On Thu, 13 Apr 2017, Scott Fluhrer (sfluhrer) wrote:

I wasn't nearly as clear as I ought to have been; I made some assumptions 
without stating them.

There are, of course, multiple possible PPK sources; one is a preconfigured 
fixed value in the device; another might be values from a CD-ROM (as others 
discussed elsethread); still another might be a quantum key distribution device.

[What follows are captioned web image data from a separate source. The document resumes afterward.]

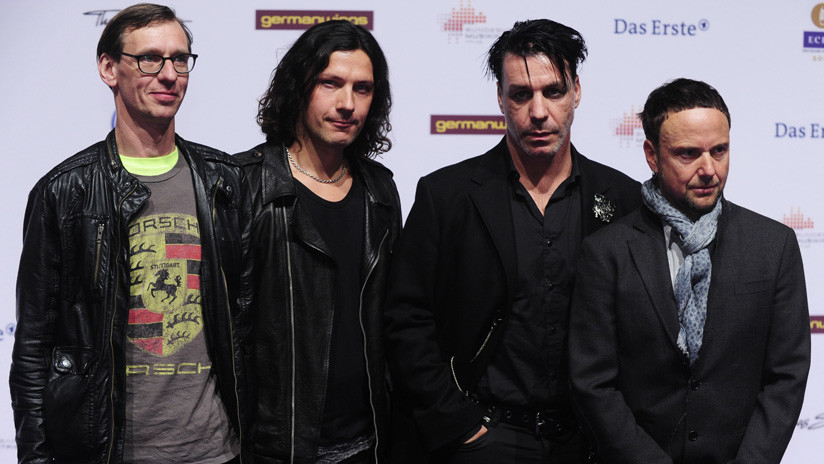VIDEO: La banda alemana Rammstein desata iras con un video en el que sus miembros se visten como presos de un campo nazi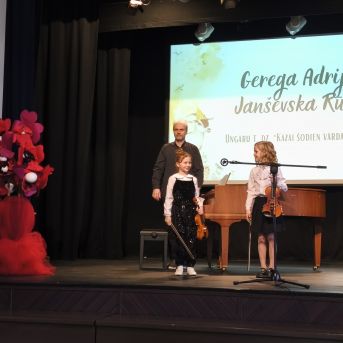 Pavasara ieskandināšanas koncertsesija 8.marts - 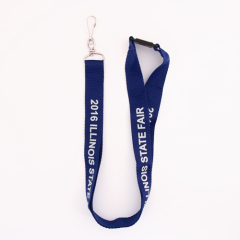 Awesome lanyards for 2016 Illinois State Fair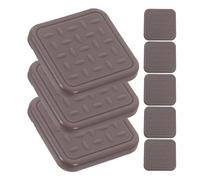 Holibanna 1Set Sottobicchieri Antiscivolo Silicone per Protezione per Assorbimento Shock e Antigraffio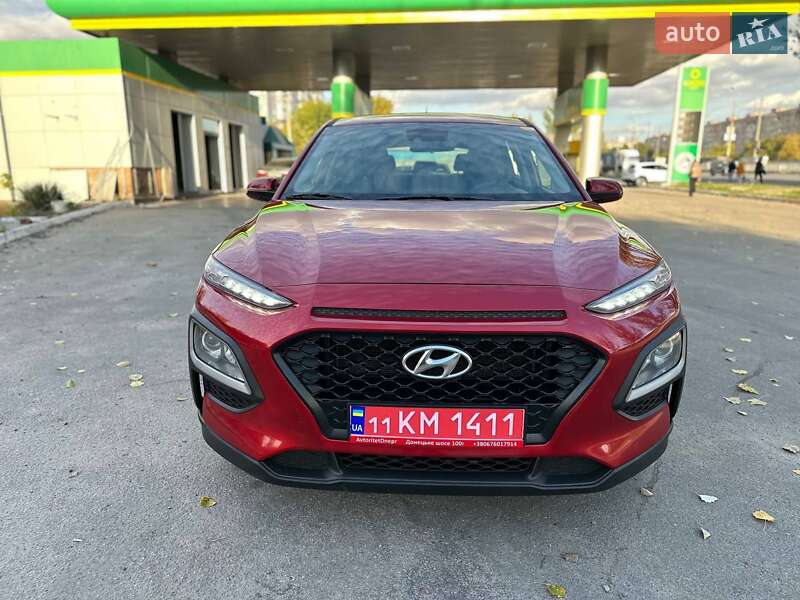 Позашляховик / Кросовер Hyundai Kona 2018 в Дніпрі фото 23 Позашляховик / Кросовер Hyundai Kona 2018 в Дніпрі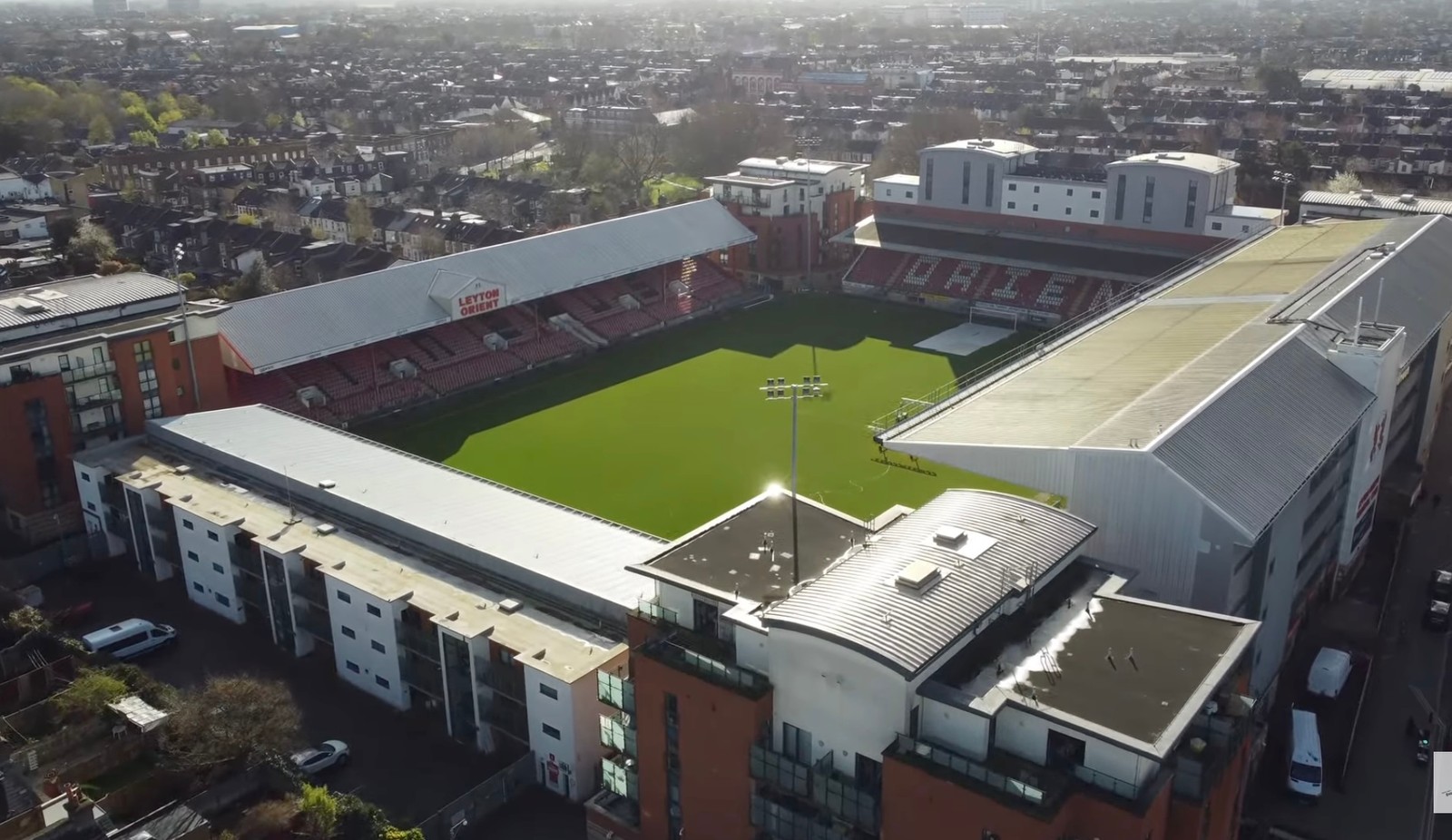 Brisbane Road little architectural quirks aplenty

My discussion was solely about the preconfigured fixed value, and I was just 
talking about the mapping between 'fixed value' and 'the PPK value you hand to 
the PRF'; this fixed value will likely be configured as a string (similar to a 
standard preshared key), my question was the mapping of this string to a PPK 
value.

Right, and likely use the exact same code path as for PSK, so I think
the vendors will have will interop similarly with PSK as with PPK for
this use case. I really wouldn't want to have our PPK secrets to be
differently configured or interpreted from out PSK secrets with respect
to whether it ignores a space or not.

Now, obviously, there will be other methods of generating PPKs; for those 
alternative methods, they will likely generate large (256 bit or so) uniform 
random value; there may be no particular reason to impose any nontrivial 
mapping there.  Obviously, talking about ASCII in that context may make no 
sense whatsoever.  I don't intend to talk about these alternative methods 
directly in the draft (except to provide a hook to add them later).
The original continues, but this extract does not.